Selon la Commission technique de réhabilitation des entreprises du secteur public et parapublic (CTR), la Mission d’aménagement et de gestion des zones industrielles (Magzi) au Cameroun ambitionne d’aménager de nouvelles zones industrielles sur une superficie globale de plus de 6700 hectares.

Ces projets visent à « positionner définitivement » l’entreprise que dirige Christol Georges Manon « comme leader et garant de l’implantation des unités industrielles au Cameroun ». Ils seront réalisés dans les villes de Dibombari (500 hectares), dans le Littoral ; Kribi (5000 hectares), dans la région du Sud ; Maroua (203 hectares), dans l’Extrême-Nord ; et Limbe (1000 hectares), dans la région du Sud-Ouest.

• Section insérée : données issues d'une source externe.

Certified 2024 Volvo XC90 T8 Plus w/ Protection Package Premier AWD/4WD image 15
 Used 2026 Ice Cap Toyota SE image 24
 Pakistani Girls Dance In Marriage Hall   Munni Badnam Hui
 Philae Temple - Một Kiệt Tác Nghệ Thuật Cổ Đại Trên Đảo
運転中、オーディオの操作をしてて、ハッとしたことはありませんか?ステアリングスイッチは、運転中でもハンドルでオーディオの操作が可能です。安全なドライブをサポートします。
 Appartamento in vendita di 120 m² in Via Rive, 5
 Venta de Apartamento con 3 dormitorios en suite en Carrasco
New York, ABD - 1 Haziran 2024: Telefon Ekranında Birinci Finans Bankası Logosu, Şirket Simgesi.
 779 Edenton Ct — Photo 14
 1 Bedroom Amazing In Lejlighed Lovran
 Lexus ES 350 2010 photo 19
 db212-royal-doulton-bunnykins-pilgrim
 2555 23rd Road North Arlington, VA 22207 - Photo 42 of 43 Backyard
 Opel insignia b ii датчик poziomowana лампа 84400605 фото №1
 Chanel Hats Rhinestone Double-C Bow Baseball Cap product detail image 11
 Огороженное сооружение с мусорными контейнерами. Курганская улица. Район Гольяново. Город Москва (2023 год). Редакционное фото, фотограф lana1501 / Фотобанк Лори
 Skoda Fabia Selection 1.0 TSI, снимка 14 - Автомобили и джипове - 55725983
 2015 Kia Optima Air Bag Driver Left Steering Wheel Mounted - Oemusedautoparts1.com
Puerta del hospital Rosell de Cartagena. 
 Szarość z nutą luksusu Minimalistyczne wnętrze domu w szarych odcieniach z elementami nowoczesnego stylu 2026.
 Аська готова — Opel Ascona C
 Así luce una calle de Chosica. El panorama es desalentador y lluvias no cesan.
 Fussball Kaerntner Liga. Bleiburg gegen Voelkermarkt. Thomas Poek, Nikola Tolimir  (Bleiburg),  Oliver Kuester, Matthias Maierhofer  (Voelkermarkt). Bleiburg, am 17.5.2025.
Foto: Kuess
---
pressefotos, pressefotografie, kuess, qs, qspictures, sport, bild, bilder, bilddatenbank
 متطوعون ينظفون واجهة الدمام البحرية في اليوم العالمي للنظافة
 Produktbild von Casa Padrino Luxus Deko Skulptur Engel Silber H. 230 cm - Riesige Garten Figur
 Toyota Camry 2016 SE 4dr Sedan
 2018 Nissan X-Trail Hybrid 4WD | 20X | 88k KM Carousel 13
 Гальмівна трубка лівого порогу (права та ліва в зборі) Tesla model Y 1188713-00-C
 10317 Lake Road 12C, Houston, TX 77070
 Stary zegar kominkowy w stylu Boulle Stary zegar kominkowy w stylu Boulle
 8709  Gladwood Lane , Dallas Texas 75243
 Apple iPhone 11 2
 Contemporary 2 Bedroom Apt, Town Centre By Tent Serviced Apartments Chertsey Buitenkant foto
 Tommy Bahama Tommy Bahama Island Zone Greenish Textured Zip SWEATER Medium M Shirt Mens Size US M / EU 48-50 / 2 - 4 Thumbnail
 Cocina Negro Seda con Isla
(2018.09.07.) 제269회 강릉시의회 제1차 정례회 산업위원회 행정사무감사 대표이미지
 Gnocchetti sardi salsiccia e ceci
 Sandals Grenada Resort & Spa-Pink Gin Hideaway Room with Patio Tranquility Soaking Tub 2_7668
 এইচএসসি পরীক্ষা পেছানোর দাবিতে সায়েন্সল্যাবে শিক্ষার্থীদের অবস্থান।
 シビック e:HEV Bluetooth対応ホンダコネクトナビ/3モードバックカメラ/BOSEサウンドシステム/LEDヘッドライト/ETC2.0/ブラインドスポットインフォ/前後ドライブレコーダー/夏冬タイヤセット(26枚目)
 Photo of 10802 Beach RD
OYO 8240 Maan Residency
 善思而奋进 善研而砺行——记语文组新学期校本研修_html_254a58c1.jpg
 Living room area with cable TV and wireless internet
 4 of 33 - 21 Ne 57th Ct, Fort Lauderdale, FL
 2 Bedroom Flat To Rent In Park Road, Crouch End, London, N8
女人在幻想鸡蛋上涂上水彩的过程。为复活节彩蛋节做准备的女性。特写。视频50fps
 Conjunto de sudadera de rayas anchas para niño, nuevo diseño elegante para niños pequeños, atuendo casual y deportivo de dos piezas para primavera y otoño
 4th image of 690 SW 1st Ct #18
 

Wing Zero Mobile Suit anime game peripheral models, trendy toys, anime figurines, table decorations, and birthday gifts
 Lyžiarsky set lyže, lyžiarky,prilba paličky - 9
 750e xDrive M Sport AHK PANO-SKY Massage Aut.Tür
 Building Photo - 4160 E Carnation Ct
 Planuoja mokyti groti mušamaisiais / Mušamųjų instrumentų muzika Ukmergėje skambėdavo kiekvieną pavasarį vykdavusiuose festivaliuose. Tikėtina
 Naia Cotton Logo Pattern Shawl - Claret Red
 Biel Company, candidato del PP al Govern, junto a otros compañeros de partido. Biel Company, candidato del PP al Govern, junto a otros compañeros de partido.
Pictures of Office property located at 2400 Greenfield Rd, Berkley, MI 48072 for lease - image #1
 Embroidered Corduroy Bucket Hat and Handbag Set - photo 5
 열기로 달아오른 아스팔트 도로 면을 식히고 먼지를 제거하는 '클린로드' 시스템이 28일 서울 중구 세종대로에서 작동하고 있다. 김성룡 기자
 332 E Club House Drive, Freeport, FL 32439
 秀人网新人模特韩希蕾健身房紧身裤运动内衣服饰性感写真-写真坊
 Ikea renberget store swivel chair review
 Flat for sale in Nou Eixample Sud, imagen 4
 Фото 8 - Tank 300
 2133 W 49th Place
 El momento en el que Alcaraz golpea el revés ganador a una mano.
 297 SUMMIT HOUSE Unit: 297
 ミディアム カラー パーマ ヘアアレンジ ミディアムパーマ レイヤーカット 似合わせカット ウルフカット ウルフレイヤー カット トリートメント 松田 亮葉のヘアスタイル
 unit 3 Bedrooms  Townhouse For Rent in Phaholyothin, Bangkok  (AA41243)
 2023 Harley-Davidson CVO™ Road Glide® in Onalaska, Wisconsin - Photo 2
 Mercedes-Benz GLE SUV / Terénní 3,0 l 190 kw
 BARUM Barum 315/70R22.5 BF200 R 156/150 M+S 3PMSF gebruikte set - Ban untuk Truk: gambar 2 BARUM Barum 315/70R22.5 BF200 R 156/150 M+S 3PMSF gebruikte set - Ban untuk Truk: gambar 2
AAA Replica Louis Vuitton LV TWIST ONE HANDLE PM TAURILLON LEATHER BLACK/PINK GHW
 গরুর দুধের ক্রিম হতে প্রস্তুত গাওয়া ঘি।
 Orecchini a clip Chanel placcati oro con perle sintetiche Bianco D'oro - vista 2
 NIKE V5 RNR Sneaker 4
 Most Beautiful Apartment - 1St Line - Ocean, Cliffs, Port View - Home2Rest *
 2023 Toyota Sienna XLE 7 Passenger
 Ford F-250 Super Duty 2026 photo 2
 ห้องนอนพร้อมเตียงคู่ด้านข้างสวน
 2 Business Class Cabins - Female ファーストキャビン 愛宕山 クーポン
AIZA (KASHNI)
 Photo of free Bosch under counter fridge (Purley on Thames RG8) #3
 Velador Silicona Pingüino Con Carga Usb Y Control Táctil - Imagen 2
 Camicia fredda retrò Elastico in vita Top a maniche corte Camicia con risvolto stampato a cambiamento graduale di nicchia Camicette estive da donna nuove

« La demande de terrain par les entreprises est très forte. La plupart des prospects, investisseurs potentiels venant de l’étranger, qui sollicitent des parcelles de terrain afin de s’installer restent insatisfaits, du fait de l’offre qui se situe en deçà des prescriptions et des exigences minimales », souligne la CTR dans son rapport 2019 sur les entreprises à capitaux publics.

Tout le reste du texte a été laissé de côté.